I have a 47 Farmall H that has been giving me grief for some time now. It doesn't like to start and seems like the spark is too far advanced when cranking it over. The starter will turn the engine over, but then when it tries to fire, it kicks back against the starter and it can hardly turn it past. I have to start it at idle to even have a chance of it starting. The problem comes and goes, so I know its not a internal engine issue. I set the distributor to the fully retarded position, and its still acting up. I'm starting to think that the spark advance system is in need of repair. Does anyone know of a good repair guide for these things? I'd like to know the specs on everything so I can check for worn parts.

What got me going on this was I just rebuilt the distributor on my 574 and found that the flyweights and springs for the spark advance were badly rusted and stuck in place. I freed them up and got it lubed, and now the tractor is like a whole new machine. It instantly responds to the throttle and it has a lot more pulling power than it did. I'm hoping I can get the same results with the H. The tractor runs smoothly, its just such a bear to get started.


----------



## Mickey (Aug 14, 2010)

From your description, it does sound like the timing is advanced but how/why is it happening? Have you actually checked the timing? If so, how does it look?

You shouldn't have any problem finding a manual for the mag. Just need to know where to look.
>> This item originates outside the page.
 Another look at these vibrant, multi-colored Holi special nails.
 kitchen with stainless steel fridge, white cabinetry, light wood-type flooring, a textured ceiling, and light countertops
I'd start checking out web sites that cater to old engines and or machinery. This past week I purchased a manual for the mag on a recently purchased hit-n-miss. The manual was for a WICO mag type PR. Found it on ebay. It's a reprint but who cares? When you're looking things for an 90 yr old engine, you can't be too picky.

Have you done a search on the mag brand/model? That should turn something up. Good luck


----------



## Country Boy (Mar 18, 2010)

Haven't had much time to do any research yet. My dad informed me that he had bought a magneto manual for the tractor years ago and he "thinks he might know where it is", so we'll see. From the troubles I've been having, it almost seems like the timing sometimes gets stuck in the advanced position when starting and sometimes doesn't. I'm hoping its just that the flyweights or whatnot are just rusty/sticky and need to be cleaned. I haven't checked the timing with a light or anything yet, but when I rebuilt the tractor in college, I made sure everything was lined up and the engines instructor double checked everything because he had a lot of experience with the old Farmalls from his farming days.


----------



## Mickey (Aug 14, 2010)

Country Boy said:


> Haven't had much time to do any research yet. My dad informed me that he had bought a magneto manual for the tractor years ago and he "thinks he might know where it is", so we'll see. From the troubles I've been having, *it almost seems like the timing sometimes gets stuck in the advanced position when starting and sometimes doesn't.* I'm hoping its just that the flyweights or whatnot are just rusty/sticky and need to be cleaned. I haven't checked the timing with a light or anything yet, but when I rebuilt the tractor in college, I made sure everything was lined up and the engines instructor double checked everything because he had a lot of experience with the old Farmalls from his farming days.


That's what crossed my mind.


----------